» **Work instructions**:
Beginning at the line that contains "LB Ceramics 2026, Спектр, Два декора №3" and finishing at the line that contains "2009 Chevrolet Express G2500", output the data below exactly. Include both end lines and no pictures.

» **Provided material**:
______________________________

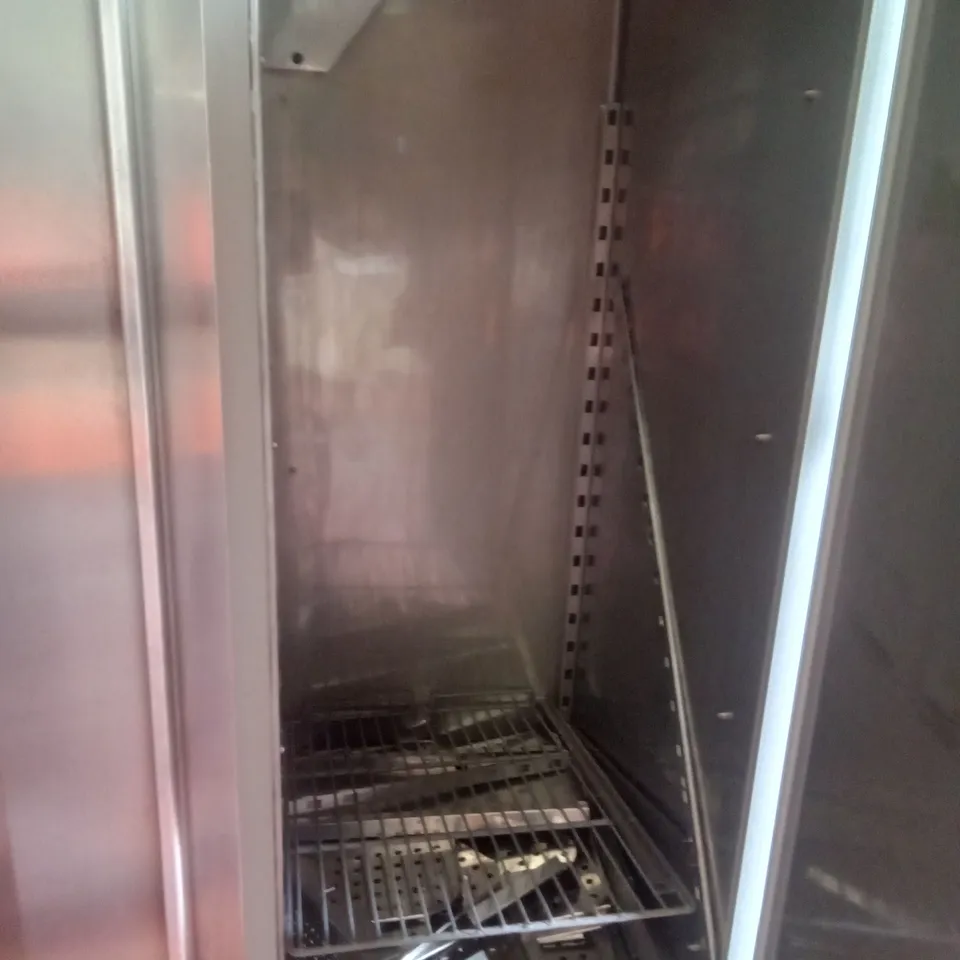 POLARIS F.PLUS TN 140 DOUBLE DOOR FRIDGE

______________________________

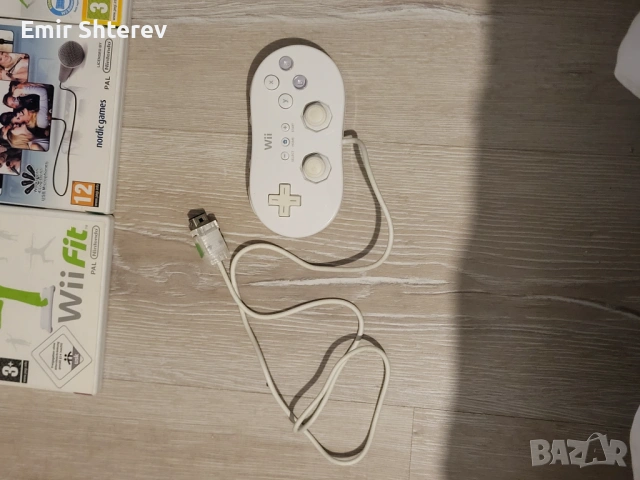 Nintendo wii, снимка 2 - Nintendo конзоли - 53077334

______________________________

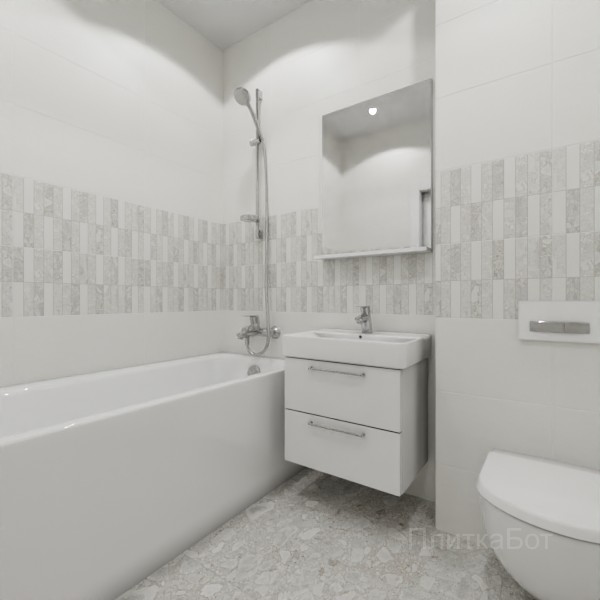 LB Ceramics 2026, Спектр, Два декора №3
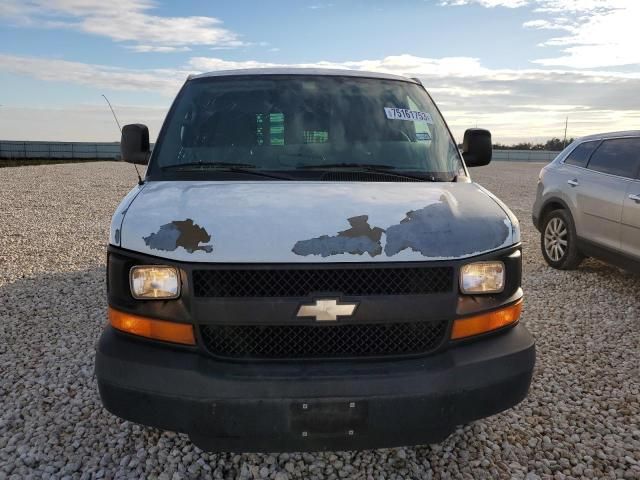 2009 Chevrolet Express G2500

______________________________

» **Response area**:
 LB Ceramics 2026, Спектр, Два декора №3
 2009 Chevrolet Express G2500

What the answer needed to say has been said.